Baloch cameleers’ identity, notwithstanding misnomers, keeps erupting in historical relics and in the form of their third and fourth-generation descendants identifying themselves as Balochs – more precisely as Rind, Jakhrani and other clans of Balochistan.

However, life for the cameleers in Australia was not an easy one. Most of the time, they were not accepted in Australian society. Cameleers were not allowed to bring their families. Many of them married Aboriginal Australian women, as they were not allowed to marry Europeans. Even their marriages to Aboriginal women were not legalised most of the time, leaving them with the perils of being stigmatised for immorality. They were made to live separately in Ghan towns or camps on the opposite side of the railway track. Well water was not shared with them.
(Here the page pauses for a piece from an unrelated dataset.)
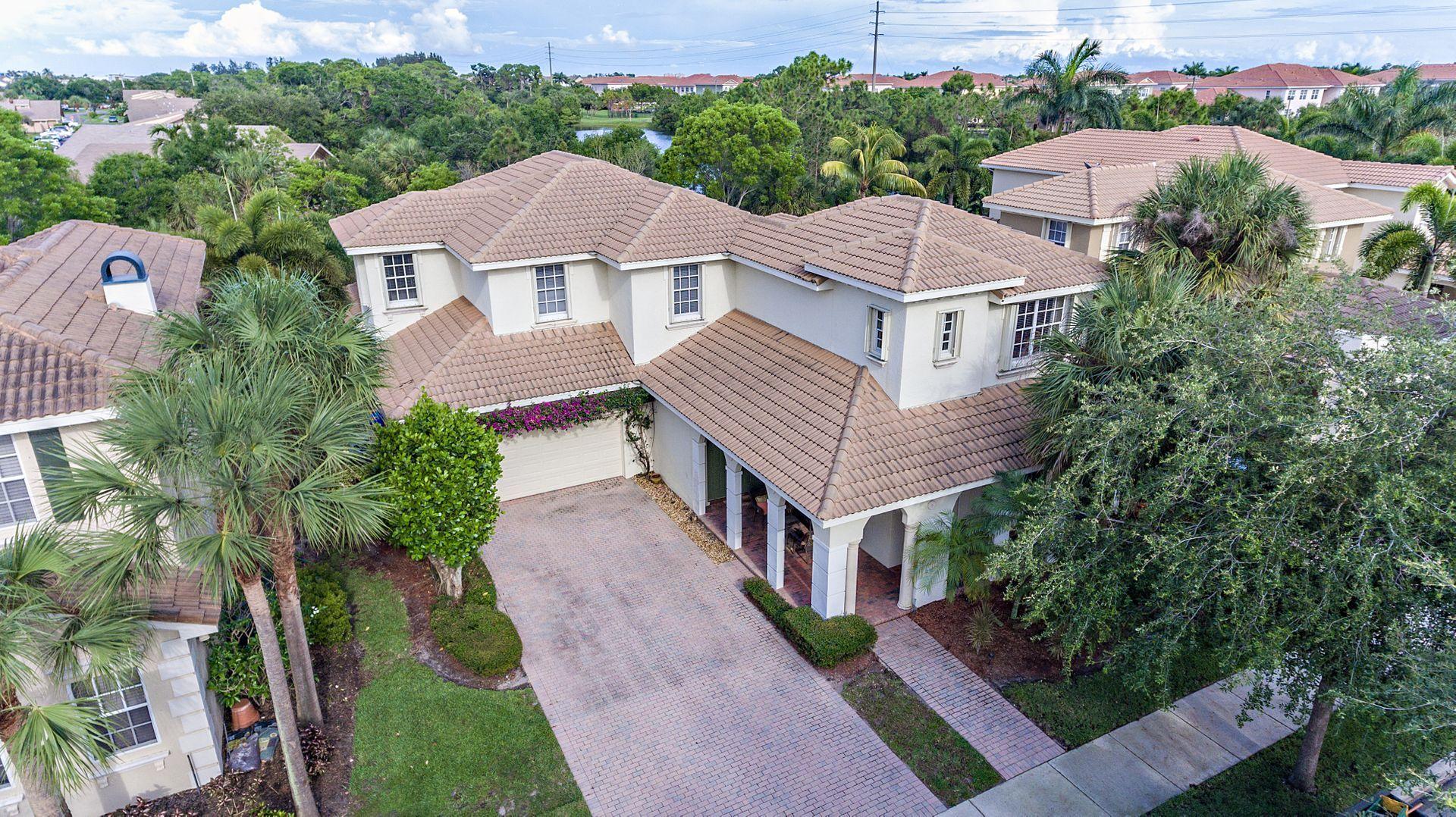 122 Via Castilla Jupiter, FL 33458 - Photo 30 of 40 Aerial View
Not only they were scary and alien to the natives, but their exotic animals also equally frightened the horses of the Australians. On sighting the approaching camels, horses went astray, turning carts topsy-turvy. The unusual looks and frightening animals of the camel drivers produced a great measure of hostility for them in the native circles, often translating into discrimination. People on seeing approaching caravans would often close doors and hide their children.

Of late, there has been increasing academic interest in the history of these cameleers. Compared with the scope of the subject, miniscule attention has been paid to it. A few things about their lives, interactions, identities and contributions have been dug up, but much remains to be explored. The identities of ethnic groups like Balochs, who played a significant role, have been missed. Partly it has been due to unavailability of a substantive historical record. A major reason for such gaps has also been the inattention of researchers on ethnic identities and the weakness of methodological tools that they have employed in their studies.

More importantly, almost no studies have been conducted on the lives of those Baloch cameleers, who returned to their homes after the termination of their contracts.

With the emerging trends of applying theoretical frameworks such as Michel Foucault’s genealogy, today’s historians are sufficiently equipped to undertake studies on the origins and identities of ethnicities that the cameleers came from. Such strong tools enable us to rigorously study the aftermath of this late 19th-century adventure and its impacts and implications on the lives of Baloch cameleers once they returned to their homes.